Network Intrusion detection System using Machine Learning

Machine learning is one of the fastest-growing domains in technology and is finding applications in numerous fields. The ability to look for patterns in data using ML-techniques has great scope. One such use is in computer network safety. A great problem in today’s digital age is the presence of hackers, malware, and security threats on the internet. Fortunately, since internet protocols often follow fixed and predictable patterns,  Machine Learning algorithms can detect threats.

In this tutorial, we shall implement a network intrusion detection system on the famous KDD Cup 1999 Dataset in Python programming.

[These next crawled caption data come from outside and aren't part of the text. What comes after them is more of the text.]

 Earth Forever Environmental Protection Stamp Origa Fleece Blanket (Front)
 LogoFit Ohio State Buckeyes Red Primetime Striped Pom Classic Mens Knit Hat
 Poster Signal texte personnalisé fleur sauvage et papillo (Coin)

This dataset was released as part of a data mining challenge and is openly available on UCI.

Background on data :

The extensive dataset has 495000 records, 41 input features, and 1 target variable, which tells us the status of the network activity. The network activity can be normal (no threat) or it can belong to one of the 22 categories of network attacks. To make things simpler, we will group the attacks into 4 main categories, namely :

  • DOS: denial-of-service, e.g. syn flood
  • R2L: unauthorized access from a remote machine, e.g. guessing password
  • U2R: unauthorized access to local superuser (root) privileges, e.g., various buffer overflow attacks
  • probing: surveillance and other probing, e.g., port scanning.

Initial Set up

We will first read in the data and make our observations. Below we are importing all the required Python libraries.

import pandas as pd
import numpy as np
import scipy as sp
import matplotlib.pyplot as plt
import seaborn as sns
%matplotlib inline

Now, we check read in the data, which can be accessed via a URL link.

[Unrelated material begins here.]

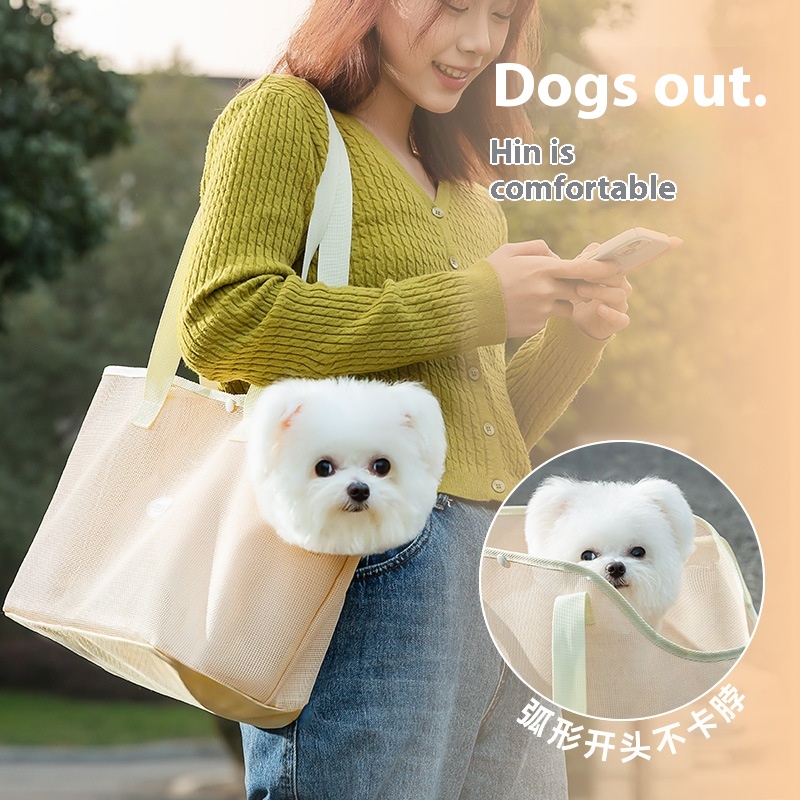 Summer Simple Mesh Breathable Dog Bag To Prevent Dogs From Breaking Free When Going Out Pet Bag One-shoulder Lightweight Cat Bag Small Dog Supplies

url= 'http://kdd.ics.uci.edu/databases/kddcup99/kddcup.data_10_percent.gz'
df= pd.read_csv(url, header=None)
d.head()

As you can see, there are 41 columns with the final one signifying the output to be predicted. Since the dataset doesn’t have the columns labeled beforehand, we have to do that. This information is present on the UCI dataset link.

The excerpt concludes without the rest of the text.